Of course, this idyll cannot last, and before long they are detected (gracefully, by kind-hearted officials), and a kind-hearted benefactor who seems to understand their kind of thirst for independence, gives them a house, employs the father, and the girl is enrolled in school. This is after they have both undergone numerous evaluations that indicate that they are both smart and she has been well schooled.
However no one seems to take into account that the father Will (Foster) is experiencing PTSD stemming from military service, and this is the way he has adamantly chosen to deal with it. He is a model parent to his daughter Tom—as in Thomasin—(McKenzie), and they fare very well when left alone. But society encroaches; it is no longer possible to be truly alone in our world with a degree of connectedness that has never been seen before.
Even as an Indie film, Leave No Trace is unusual in its portrayal of so many people being so open and kind to the unusual strangers Will and Tom, providing them with shelter, work, education, and friendship. They are polite and appreciative, but their benefactors are especially kind and giving. Such a thing is actually very nice to see in our divided world where most strangers are regarded with suspicion, warranted or not.
The filmmaker Debra Granik (Winter’s Bone) clearly has her finger on the pulse of American life, and her portrayal of the Will and Tom duo (based on the novel by Peter Rock) should be praised for its attention to PTSD and how those affected cope in different ways. Clearly, some need to pursue their own lonely path and should be free to do so. I especially liked the way the film ends—not with everything resolved—but with a realistic picture of how these things can be worked out. It leaves you with the tender thought that two people so well connected are not likely ever to be separated permanently.
Obviously, I took to this film and respect the messages it conveys. But I couldn’t keep from noticing that everyone in it is white and fits the norm for our country. We all know the trajectory of the story would be significantly different had the main characters been another color, ethnicity, sexual orientation, etc. But perhaps that is for another movie.
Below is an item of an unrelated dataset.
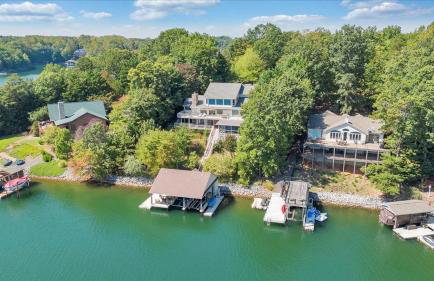 Lake Allure - Private Dock, Indoor Pool, and Hot Tub - Foto 48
We can appreciate here the soulful representation of very real characters in life.
Ben Foster has achieved a reputation particularly for extraordinary performances in 3:10 to Yuma and Hell or High Water, but here he’s in a very different role—a taciturn but thoughtful wounded man—which he manages just as well. Thomasin McKenzie is known primarily for her television roles, but she establishes her talent for film features here in her character’s perceptiveness shown on her face and in her body as she struggles with the tension between her father’s outlook and her own observations of society. Like most teenagers, she sees something she likes and has few qualms about going after it. The uniqueness of this film lies in her emotionally rational and healthy reasons for going on her own path (as opposed to avoiding conflict) and her father’s willingness to allow her this without anger and without putting much pressure on her.
Differing perceptions about living on the edge, unseen.